Yine ve yine gülüşürlerken ben dudaklarımı büzdüm..Çenem çıkmayasıca!!!

Derin dudağını ısırarak :
-Eee şüpheliler arttı onu ne yapıcaz?
Deyince, asıl konuya döndük. Evet ne yapacaz!?

Parmağımla Derin'i işaret edim cevap verdim :

-Güzel soru!

Dicle elini yanağına yaslayıp konuştu :
-Hepsini listeye ekleyecez.. Yapacak birşey yok!

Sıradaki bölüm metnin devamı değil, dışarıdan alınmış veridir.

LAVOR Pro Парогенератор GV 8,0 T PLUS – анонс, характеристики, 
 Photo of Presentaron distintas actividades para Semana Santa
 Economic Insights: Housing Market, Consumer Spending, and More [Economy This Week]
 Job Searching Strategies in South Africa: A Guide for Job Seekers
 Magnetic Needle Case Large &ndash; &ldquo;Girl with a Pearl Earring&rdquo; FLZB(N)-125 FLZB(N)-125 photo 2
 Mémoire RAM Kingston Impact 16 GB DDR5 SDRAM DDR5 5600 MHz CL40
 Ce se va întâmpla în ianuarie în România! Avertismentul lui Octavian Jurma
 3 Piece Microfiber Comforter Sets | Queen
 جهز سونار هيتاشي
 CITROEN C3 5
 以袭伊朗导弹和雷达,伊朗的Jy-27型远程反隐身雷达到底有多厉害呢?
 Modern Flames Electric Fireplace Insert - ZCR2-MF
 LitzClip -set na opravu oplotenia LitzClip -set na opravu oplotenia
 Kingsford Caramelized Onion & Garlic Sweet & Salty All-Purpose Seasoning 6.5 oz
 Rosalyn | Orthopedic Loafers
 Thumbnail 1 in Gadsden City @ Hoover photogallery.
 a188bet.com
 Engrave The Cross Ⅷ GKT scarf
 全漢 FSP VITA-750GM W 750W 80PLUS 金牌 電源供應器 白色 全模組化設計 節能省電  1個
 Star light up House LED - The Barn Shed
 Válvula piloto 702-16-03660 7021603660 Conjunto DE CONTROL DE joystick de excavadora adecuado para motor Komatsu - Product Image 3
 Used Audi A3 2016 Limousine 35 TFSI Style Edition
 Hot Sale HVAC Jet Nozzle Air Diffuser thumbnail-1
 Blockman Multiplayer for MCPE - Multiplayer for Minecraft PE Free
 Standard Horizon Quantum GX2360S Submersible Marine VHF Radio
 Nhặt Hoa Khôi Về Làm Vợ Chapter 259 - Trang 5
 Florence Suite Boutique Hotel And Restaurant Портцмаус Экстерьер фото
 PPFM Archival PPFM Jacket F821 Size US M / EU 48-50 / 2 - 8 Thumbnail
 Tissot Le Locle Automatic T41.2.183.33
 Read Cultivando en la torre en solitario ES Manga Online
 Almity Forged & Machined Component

Herkes onaylayınca araya girdim:
- İki kardeş, İlkay,Kaktüs, Ayberk, Alaaddin'in Sihirli Lambası ve Husumetda- ay aman yani Ayaz!

Son anda yaptığım gafı düzeltip konuşmama devam ettim :

-Şüpheliler Listemiz kabardı yalnız!
Şimdi bunları kendi aralarında gruplaştırırsak ; zaten Kaktüs ve Alaaddin'in Sihirli Lambası bir. E bunlara İlkay makyaj suratlısı da girdi.. Bu üçü bir diyelim.. Ayberk, Ayberk 'i kim dedi Alah aşkına ya! O ne alaka?

Selin elini kaldırıp cevapladı beni:
-Tabiki ben söyledim. Ayberk sürekli etrafında dolanmıyor mu? Yıllardır seninle uğraşmıyor mu? Harbiden biz niye Ayaz da Ayaz diye diye çocuğun günahını aldık. Asıl Gölge Ayberk!

Yüzümü ekşitip onu dinliyordum. Dicle Selin'e katıldığını beelli ederk konuştu:

-Ahanda hep şunun yersiz kuşkuları yüzünden!!

Pardon?

Benim mi yersiz kuşkularım!

Tutmayın beni konuşucam!

Tam ağzımı açmıştım ki Beray konuştu :

-Hop hop! Bir dakika. Hiç de yersiz değildi. Herşey o yöndeydi..Deliller ihtimaller sürekli bize ona Ayaz'ı gösteriyordu. E haklı olarak kuşkulandı kız! O yüzden yersiz diyemeyiz!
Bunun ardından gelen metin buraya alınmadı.